The man-cave most­ly fea­tures posters of com­ic book heroes and car­toon fig­urines, the only pic­tures being found in a lit­tle frame next to the com­put­er. It was strange to see two of myself in there next to one of him suck­ing back a beer with Trevor. That was back when I rocked my hair with a part down the mid­dle and occa­sion­al­ly some sol­id colour, though I don’t remem­ber any­thing about it oth­er­wise — a strange anom­aly in a per­son with a pho­to­graph­ic mem­o­ry. Lost the hood­ie, still have the coat, won’t be caught wear­ing those glass­es again.

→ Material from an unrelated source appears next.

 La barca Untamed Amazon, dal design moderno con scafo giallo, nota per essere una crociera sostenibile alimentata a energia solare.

The only oth­er peo­ple who have a pic­ture of me in their homes are Aaron and Alex. I always take those pho­tographs as a telling sign of your rela­tion­ship with some­one. It means they care enough to want you around even when you’re not there. I guess that’s why each of them have more pho­tos of me than both my par­ents com­bined, and why Rob calls me broth­er.

changing dressings

The nurse comes every day to change the dress­ings and keep an eye out for infec­tion. Aside from the list­ing hob­ble, you’d nev­er have an idea of the pun­ish­ment this body has borne under­neath, until a wince when the tube drags against his shirt. That and the fact that there isn’t a bot­tle of Blue in his hand. Otherwise, the acci­dent did­n’t change Rob at all. He’s still the hap­py-go-lucky, take-it-on-the-chin kind of guy. To him, the world has always been sim­ple, an equa­tion that can be solved with mus­cle and mass, and he car­ries both answers in spades.

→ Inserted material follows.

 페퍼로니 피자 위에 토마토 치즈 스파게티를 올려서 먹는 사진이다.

Under any oth­er cir­cum­stance, I’d hate him. He’s obnox­ious, stub­born, and proud; a type I don’t get along with. But I’m also on his good side, which means he’s loy­al and lov­ing unlike any oth­er, and he shows this every time he squeezes the breath out of my chest until I’m weak and com­ing up for air. Through him, I’m learn­ing to under­stand and accept the peo­ple I’d oth­er­wise turn away from.